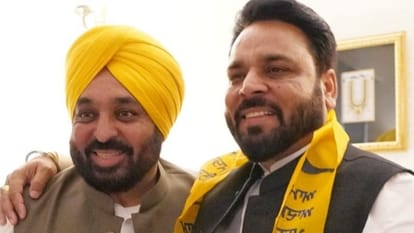 Punjab: होशियारपुर से बसपा प्रत्याशी राकेश सोमन आम आदमी पार्टी में शामिल, सीएम भगवंत मान ने किया स्वागत Bahujan Samaj Party Hoshiarpur candidate Rakesh Suman joined Aam Aadmi Party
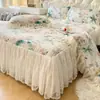 Faldón de Cama Acolchado Estilo Coreano Pieza Única Cepillado Estampado Engrosado Cubrecama Juego de Tres Piezas Cubierta Protectora de Polvo para Colchón Universal Todas las Estaciones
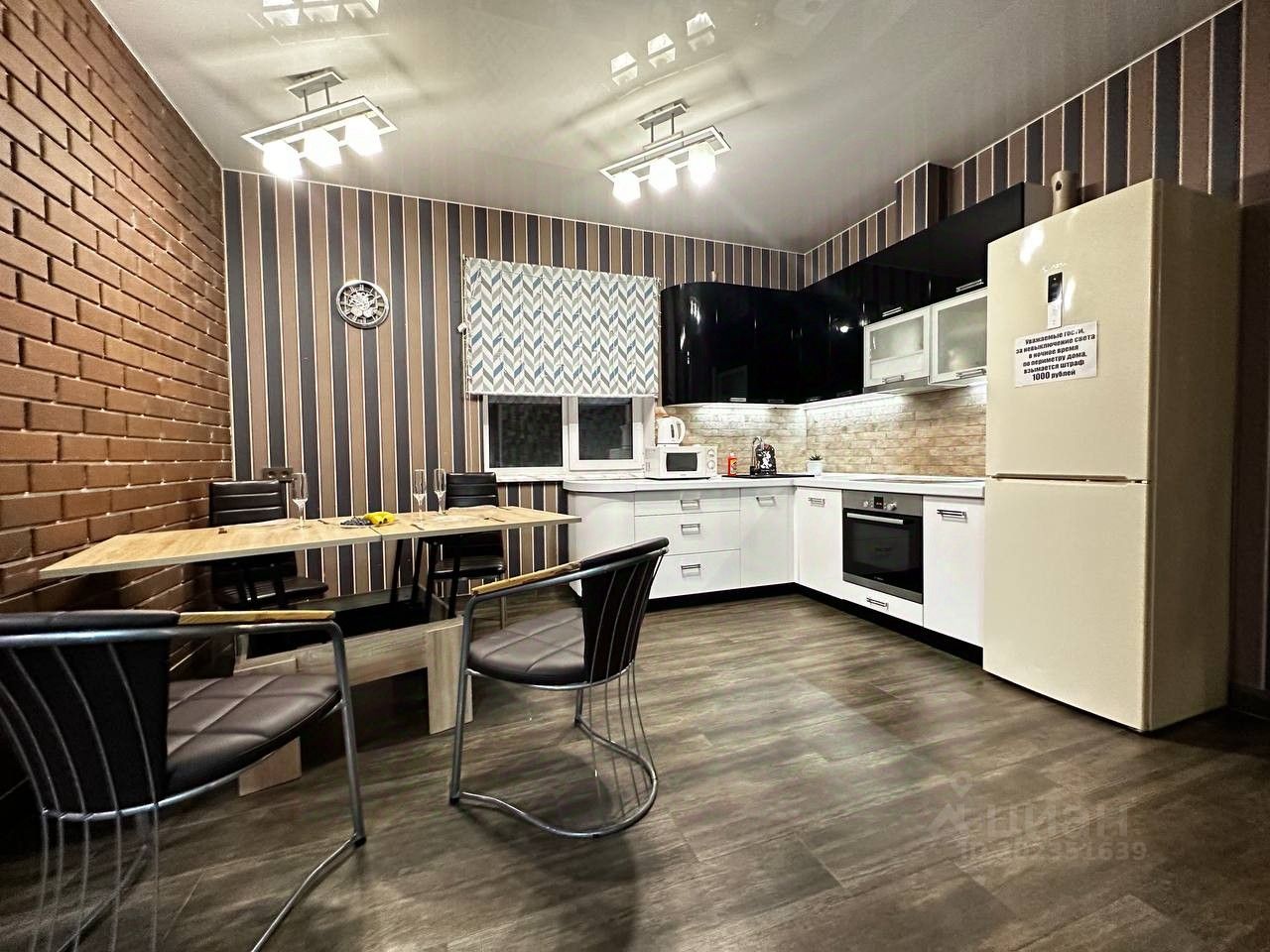 Современная кухня с обеденной зоной, стильный интерьер, кирпичная стена, Екатеринбург, посуточная аренда дома, общая площадь 145 кв.м.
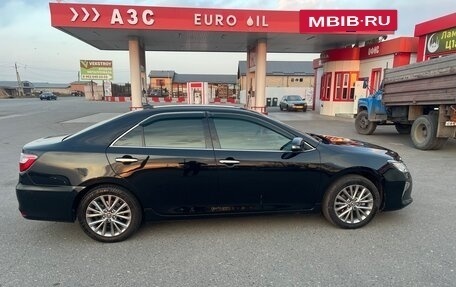 Toyota Camry, 2017 год, 2 200 000 рублей, 5 фотография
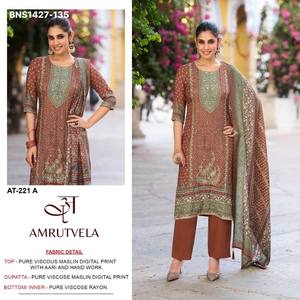 Nouvelle collection de salwar-kameez semi-cousus en mousseline de viscose avec impression numérique, broderie Aari et travail manuel, et dupatta. Fournisseur mondial. - Product Image 3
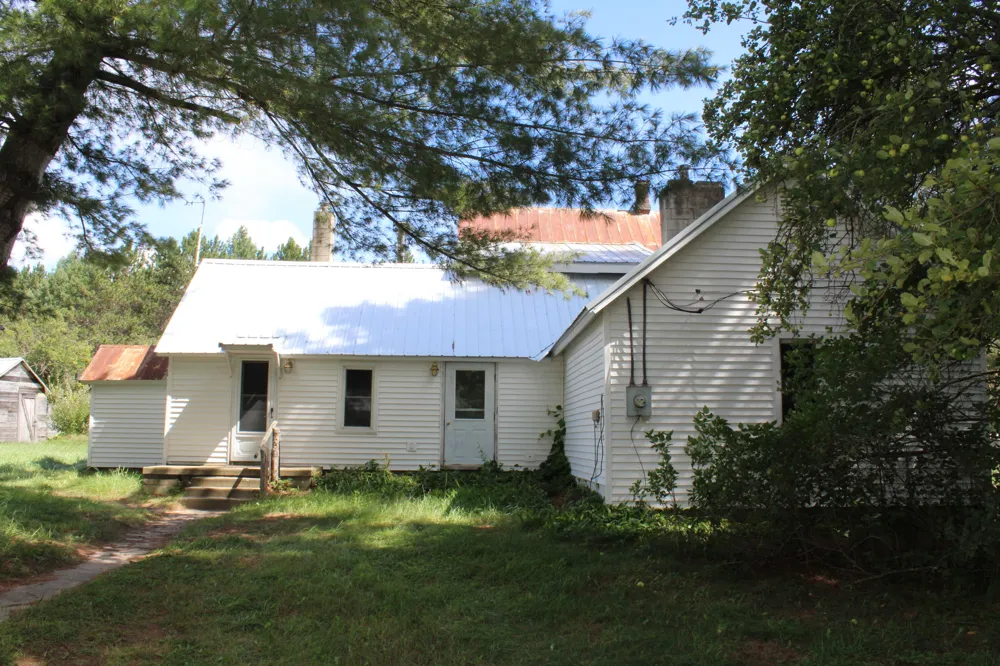 2838 W Trask Lake Rd Barton City, MI 48705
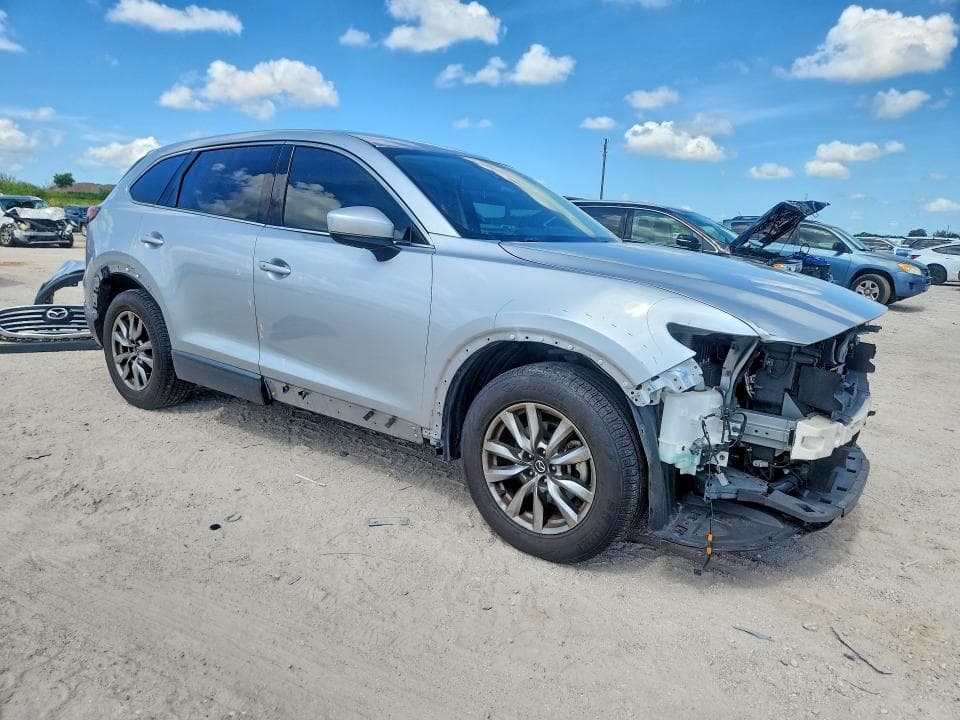 2017 MAZDA CX-9 TOURING 4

PROBLEM DESCRIPTION: Print exactly the lines from the one containing "Faldón de Cama" through the last line of the records, both included, and leave out the pictures.

YOUR RESPONSE:
 Faldón de Cama Acolchado Estilo Coreano Pieza Única Cepillado Estampado Engrosado Cubrecama Juego de Tres Piezas Cubierta Protectora de Polvo para Colchón Universal Todas las Estaciones
 Современная кухня с обеденной зоной, стильный интерьер, кирпичная стена, Екатеринбург, посуточная аренда дома, общая площадь 145 кв.м.
 Toyota Camry, 2017 год, 2 200 000 рублей, 5 фотография
 Nouvelle collection de salwar-kameez semi-cousus en mousseline de viscose avec impression numérique, broderie Aari et travail manuel, et dupatta. Fournisseur mondial. - Product Image 3
 2838 W Trask Lake Rd Barton City, MI 48705
 2017 MAZDA CX-9 TOURING 4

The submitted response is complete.